-------- Given information --------

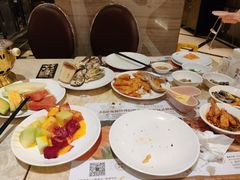 -芭菲盛宴·环球美食(解放碑英利国际店)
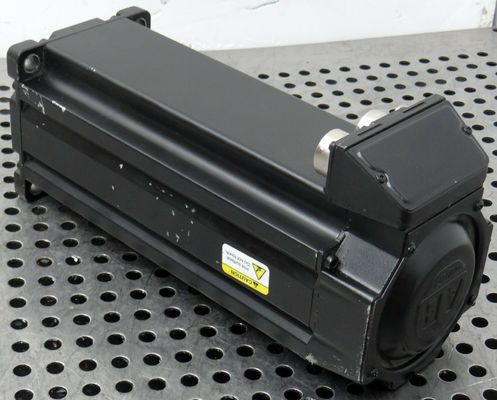 Allein-Bradley MPL-B4560F-MK24AA MPL-Serie MPL 480V Wechselstrom-Rotationsservomotor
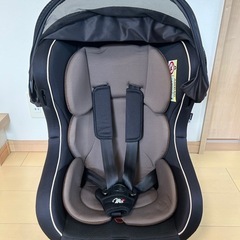 マムズキャリー　レジェ　プレミアム　チャイルドシート
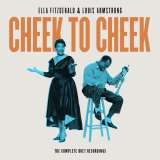 Universal Cheek To Cheek : The Complete Duet Recordings Box set
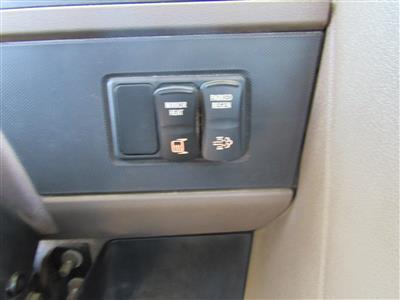 2021 International HX620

--------

■ **Work request**
Before you print the records, please set aside any pictures and keep everything else exact.

■ **Your solution**
 -芭菲盛宴·环球美食(解放碑英利国际店)
 Allein-Bradley MPL-B4560F-MK24AA MPL-Serie MPL 480V Wechselstrom-Rotationsservomotor
 マムズキャリー　レジェ　プレミアム　チャイルドシート
 Universal Cheek To Cheek : The Complete Duet Recordings Box set
 2021 International HX620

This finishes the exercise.